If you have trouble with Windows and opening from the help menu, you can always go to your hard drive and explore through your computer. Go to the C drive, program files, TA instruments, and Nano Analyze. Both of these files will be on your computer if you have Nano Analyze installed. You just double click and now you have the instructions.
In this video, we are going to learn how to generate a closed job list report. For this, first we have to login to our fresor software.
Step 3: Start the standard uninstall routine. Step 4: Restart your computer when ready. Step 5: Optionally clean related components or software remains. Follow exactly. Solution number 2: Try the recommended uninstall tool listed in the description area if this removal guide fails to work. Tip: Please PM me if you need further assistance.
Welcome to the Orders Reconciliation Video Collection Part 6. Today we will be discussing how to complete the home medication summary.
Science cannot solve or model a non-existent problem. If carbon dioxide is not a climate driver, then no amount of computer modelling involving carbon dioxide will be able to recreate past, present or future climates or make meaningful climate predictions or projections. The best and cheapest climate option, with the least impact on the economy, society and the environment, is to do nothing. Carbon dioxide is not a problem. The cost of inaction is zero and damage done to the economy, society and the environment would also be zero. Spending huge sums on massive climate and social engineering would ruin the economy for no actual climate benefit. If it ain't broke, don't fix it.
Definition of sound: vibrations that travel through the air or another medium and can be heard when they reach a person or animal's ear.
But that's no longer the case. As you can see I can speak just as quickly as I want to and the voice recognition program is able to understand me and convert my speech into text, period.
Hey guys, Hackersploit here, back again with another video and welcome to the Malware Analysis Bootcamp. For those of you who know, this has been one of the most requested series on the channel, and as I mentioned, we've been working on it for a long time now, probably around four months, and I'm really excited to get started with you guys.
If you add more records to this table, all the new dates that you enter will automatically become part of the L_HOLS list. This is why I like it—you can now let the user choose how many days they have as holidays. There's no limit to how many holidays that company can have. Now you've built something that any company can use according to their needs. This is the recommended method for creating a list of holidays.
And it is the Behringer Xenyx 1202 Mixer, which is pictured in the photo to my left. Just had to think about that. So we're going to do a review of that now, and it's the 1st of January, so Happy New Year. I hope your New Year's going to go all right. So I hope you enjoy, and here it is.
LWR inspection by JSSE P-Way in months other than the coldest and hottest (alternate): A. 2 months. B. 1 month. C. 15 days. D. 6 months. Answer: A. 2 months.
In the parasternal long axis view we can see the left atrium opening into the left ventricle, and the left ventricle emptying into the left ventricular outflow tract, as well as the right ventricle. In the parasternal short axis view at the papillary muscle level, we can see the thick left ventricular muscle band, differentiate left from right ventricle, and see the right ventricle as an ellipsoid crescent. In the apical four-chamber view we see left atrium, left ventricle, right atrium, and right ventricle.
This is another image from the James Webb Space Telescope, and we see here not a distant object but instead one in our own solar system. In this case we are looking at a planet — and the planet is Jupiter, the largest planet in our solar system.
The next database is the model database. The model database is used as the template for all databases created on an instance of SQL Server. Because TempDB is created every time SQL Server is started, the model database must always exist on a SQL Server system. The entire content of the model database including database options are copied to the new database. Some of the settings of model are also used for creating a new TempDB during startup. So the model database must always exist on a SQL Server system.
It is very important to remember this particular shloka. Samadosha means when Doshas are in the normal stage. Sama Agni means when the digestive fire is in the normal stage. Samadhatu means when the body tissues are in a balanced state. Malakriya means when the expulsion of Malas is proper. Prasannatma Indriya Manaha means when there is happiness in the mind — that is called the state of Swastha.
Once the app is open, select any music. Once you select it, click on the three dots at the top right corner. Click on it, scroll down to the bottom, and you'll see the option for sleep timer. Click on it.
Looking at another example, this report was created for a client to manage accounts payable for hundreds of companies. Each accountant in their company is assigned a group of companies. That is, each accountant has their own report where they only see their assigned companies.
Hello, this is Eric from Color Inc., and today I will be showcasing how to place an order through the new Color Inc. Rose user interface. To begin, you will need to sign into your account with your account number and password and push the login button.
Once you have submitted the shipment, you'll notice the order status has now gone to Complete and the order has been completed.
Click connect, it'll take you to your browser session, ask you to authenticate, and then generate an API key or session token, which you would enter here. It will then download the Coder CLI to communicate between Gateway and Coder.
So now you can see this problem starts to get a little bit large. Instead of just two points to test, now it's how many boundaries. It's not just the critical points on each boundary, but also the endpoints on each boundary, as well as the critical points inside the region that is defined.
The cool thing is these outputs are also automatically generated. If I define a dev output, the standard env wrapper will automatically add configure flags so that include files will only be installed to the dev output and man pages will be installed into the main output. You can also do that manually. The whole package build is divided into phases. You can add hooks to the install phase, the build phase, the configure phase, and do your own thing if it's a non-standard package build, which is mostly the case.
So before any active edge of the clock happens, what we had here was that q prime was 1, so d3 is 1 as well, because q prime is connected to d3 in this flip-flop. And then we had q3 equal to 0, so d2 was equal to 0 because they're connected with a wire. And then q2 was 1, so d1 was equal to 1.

AIM OF THE EXERCISE: Determine how many lines of this listing contain "recommended", and give only the number.

RESULT BELOW: 2